Overseeing the employee benefits department as a financial executive in a previous job taught Frank Gatti a lot about health care. That knowledge is serving him well today, he says. As senior vice president and CFO at Educational Testing Service, the company that sells the SAT test, Gatti is forging a partnership with his human resources managers to make the health of the company's employees a strategic asset.
"In many instances, CFOs have not gotten involved with health benefits. That's changing, in large part because it's becoming such a large component of the cost structure," Gatti says. With medical insurance premiums climbing, CFOs are taking an interest in everything from plan design to wellness and disease management programs.
But it's not just saving money on medical care that top executives are interested in when they evaluate health programs. They're looking at a much bigger picture. Or they should be, says Dee W. Edington, PhD, director of the Health Management Research Center at the University of Michigan. "Companies have to shift from beating on insurers about the cost of health to understanding the value of health."
Gatti, for example, supports work site cholesterol screenings and mammograms. What he's after is a reduction in the amount of money the company has to pay temporary workers as well as a boost to employee morale.

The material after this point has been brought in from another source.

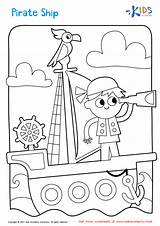 Pirate Ship Coloring Page Free Printable Worksheet For Kids sketch template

"Rather than have our employees lose work time going to doctors for different kinds of tests, that testing can be done on site in a much more productive way," Gatti says. "And, when employees begin to realize that the company cares about them and wants to provide these kinds of services ... there's a much more positive attitude that enhances the productivity and commitment of the employees to the organization."

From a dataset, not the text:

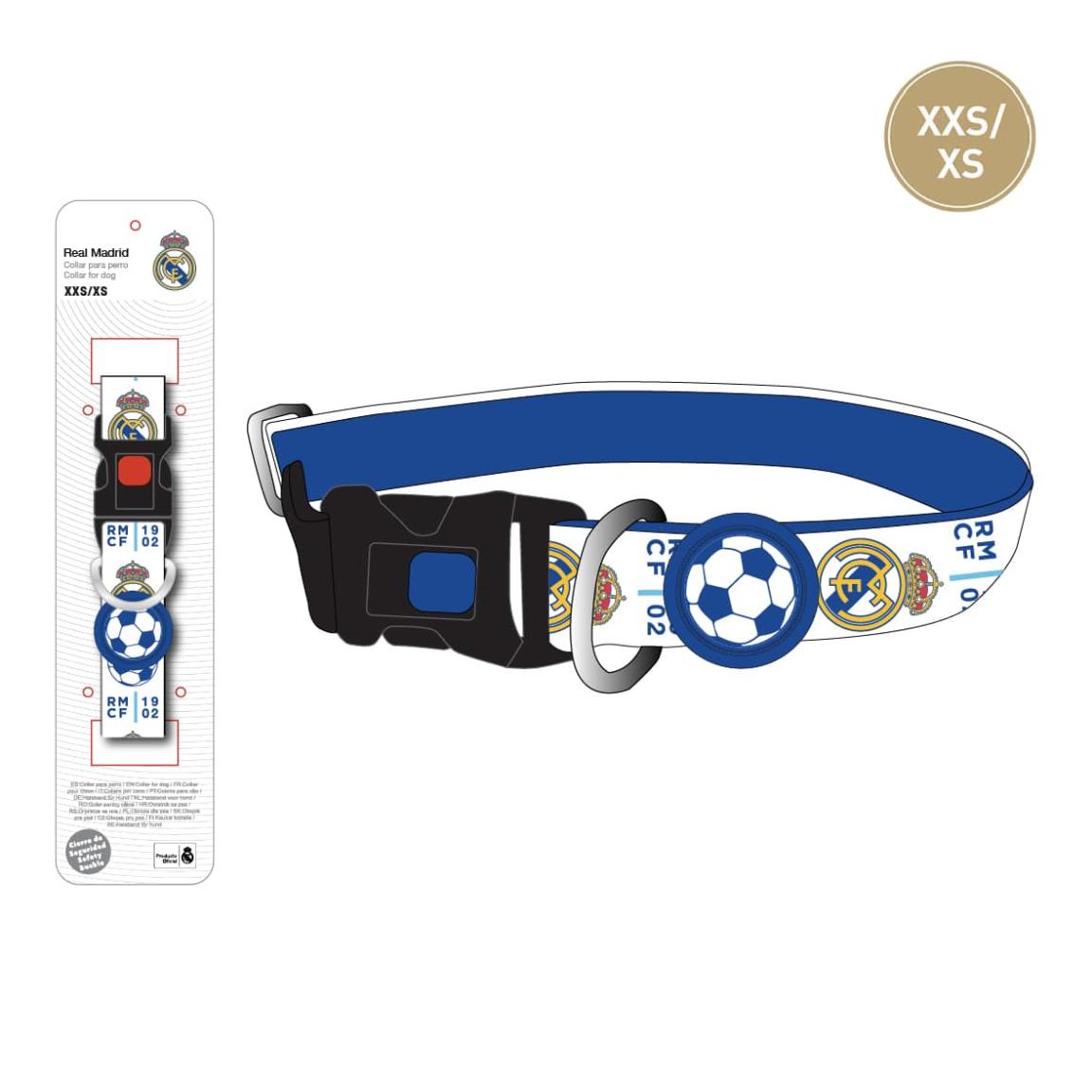 Real Madrid Hundehalsbånd | Fodbold Kæledyrsudstyr - Temashop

In addition to overall financial and productivity measures, CFOs are concerned about attracting, maintaining, and motivating employees, according to a study by the San Francisco-based Integrated Benefits Institute, a nonprofit organization. That broad view is a cue to insurers, who have begun to work more closely with corporations to institute wellness programs for employees to provide data on how such programs could affect a company's overall success, researchers and corporate managers say.
That's good news, because the "true" return on investment of health programs is several times greater than what is saved in medical costs, which is how many programs today are measured, says William P. Molmen, general counsel at IBI. The IBI study, which polled 269 financial executives, finds that while 61 percent of CFOs intrinsically see a "strong link" between health, productivity, and the bottom line, 54 percent say their current programs only moderately improve their companies' financial performance.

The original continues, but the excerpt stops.